Tuesday, 29 May 2018

Time Marches On



Lincoln in the Bardo by George Saunders
(Bloomsbury), Pp. 343

Although George Saunders is considered a champion of the American short story, this is his first novel. It is daring in form and subject and it won the 2017 Booker Prize. The bardo of the title is a transitional realm in Tibetan tradition where spirits mingle. From here they will either ascend to Nirvana and escape human suffering, or fall back through a series of increasingly wild and scary hallucinations until they are born again into a new body. The Lincoln of the title is either President Abraham or his son, Willie, who died of typhoid fever in 1862. The boy is interred in a Georgetown cemetery and his distraught father visits the crypt alone several times to hold his son’s body. From these slim facts Saunders embroiders a story of fantastic hyperrealism dealing with grief and loss and moments of bawdy humour.

The graveyard is populated with characters from many different eras and circumstances with a strong sense of Rabelaisian machismo; like Dantesque damned souls the spirits manifest with hideous deformities that relate to their erstwhile lives.

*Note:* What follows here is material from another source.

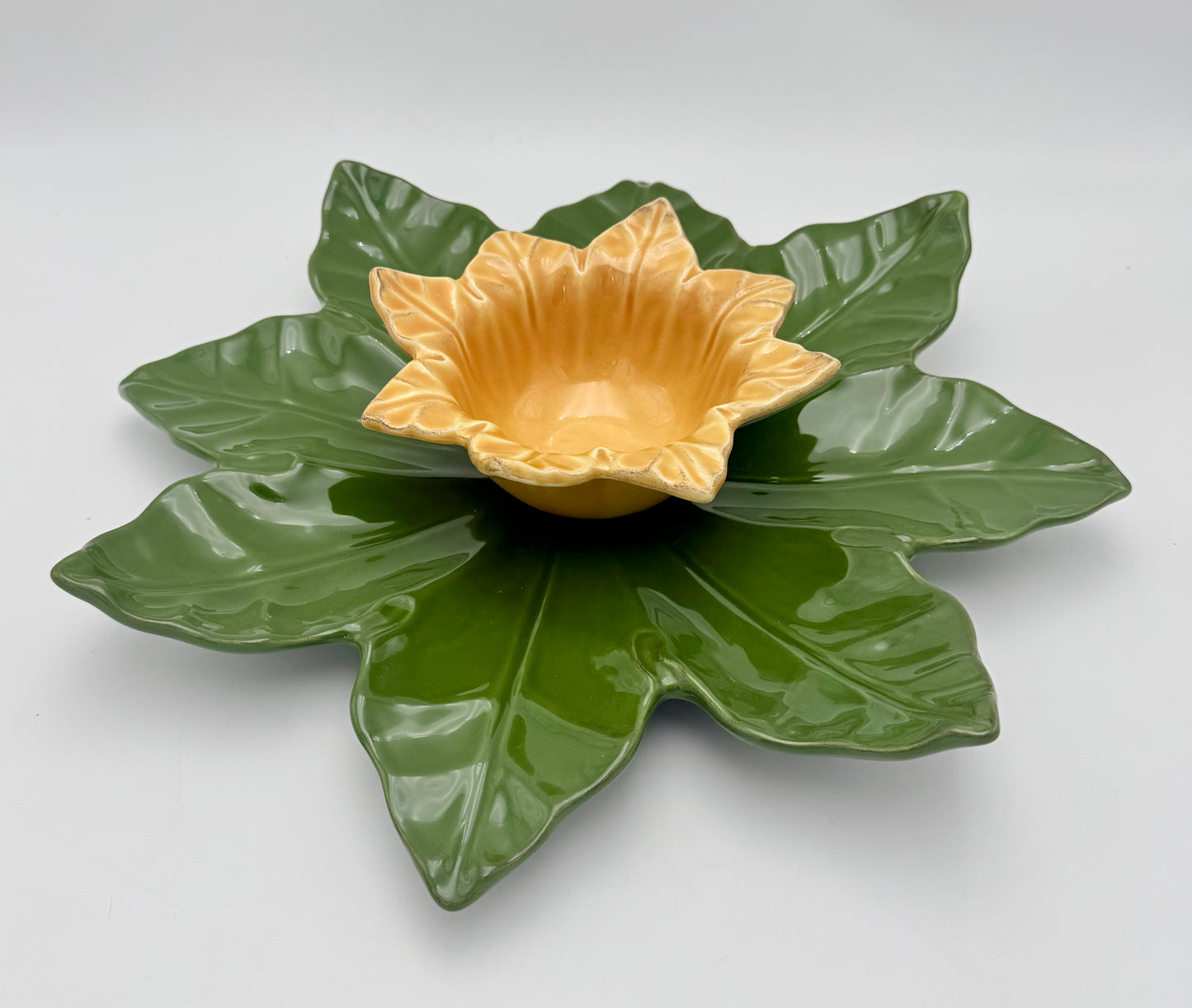 SKYNROS DESIGNS PORTUGAL HAND-PAINTED LEAF CHIP AND DIP SET • 17” PLATTER • 7.5” FLOWER BOWL • PORTUGUESE CERAMIC SERVING DISH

The spirits refuse to use the word ‘dead’ and believe they are merely unwell or in a sick-box (coffin), fiercely resisting the urge to move on.

Narrated through multiple voices, the novel offers differing opinions on the same thing. Some of the quotes are from characters in the bardo; others come from books and newspapers and we cannot believe any of the accounts, no matter how scholarly they appear with their references and footnotes. On the night of a party in which Lincoln’s son became feverish, none of the eyewitnesses can agree on the presence, size, shape or colour of the moon. Similarly the colour of Lincoln’s eyes varies according to each description. These differing viewpoints extend to his involvement in the war: is he “an idiot”, “weak and vain”, a “tyrant” with speeches that “have fallen like a wet blanket”? Or is he one of the greatest presidents the US has ever known? We see what we want to see, and memory is unreliable. Saunders suggests that history is constantly reinterpreted, and portents and patterns only appear retrospectively.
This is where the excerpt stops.